[YOUR GOAL] Taking the data below, please print only the lines from the line holding "乒乓球分组比赛规则_乒乓球比赛规则的定义_乒乓球规则赛制" to the line holding "Used 2016 Subaru", inclusive, with pictures omitted.

[GIVEN RECORDS]
---

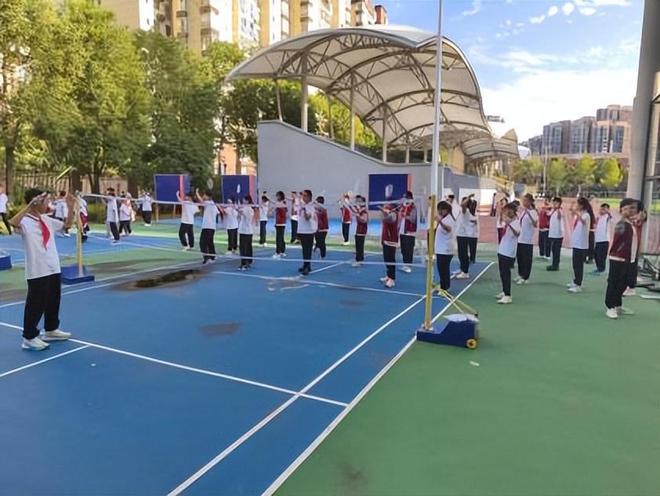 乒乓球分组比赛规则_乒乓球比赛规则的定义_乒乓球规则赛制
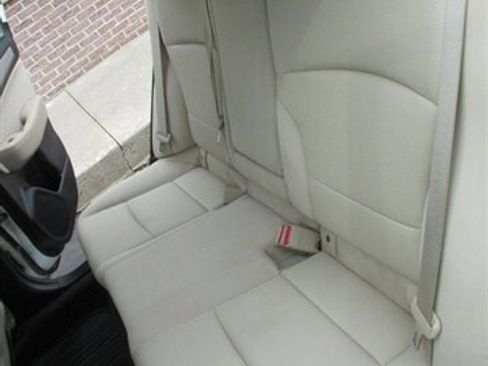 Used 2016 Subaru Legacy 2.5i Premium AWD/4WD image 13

---

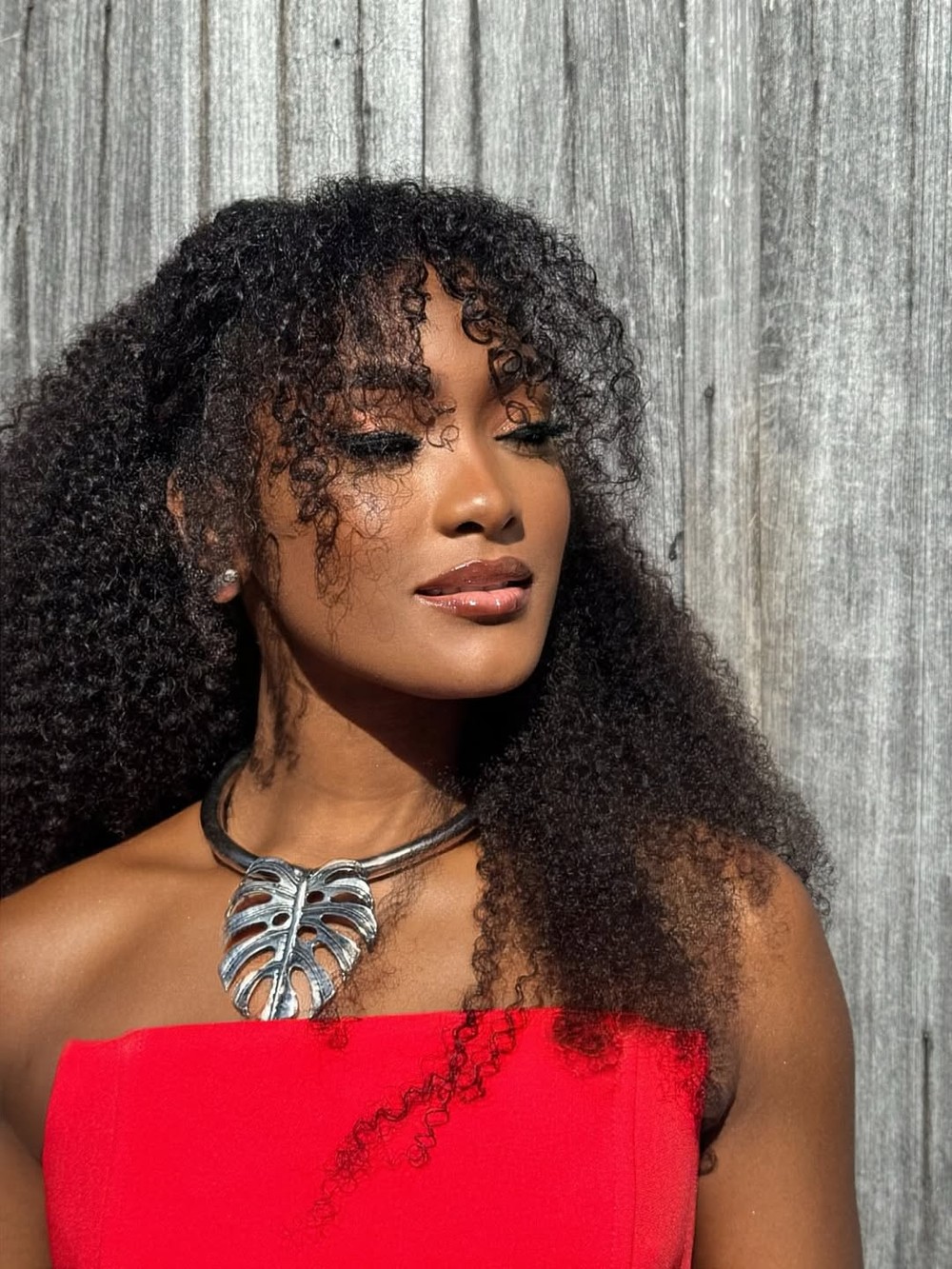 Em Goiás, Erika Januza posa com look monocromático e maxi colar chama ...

---

[SOLUTION TO THE PROBLEM]
 乒乓球分组比赛规则_乒乓球比赛规则的定义_乒乓球规则赛制
 Used 2016 Subaru Legacy 2.5i Premium AWD/4WD image 13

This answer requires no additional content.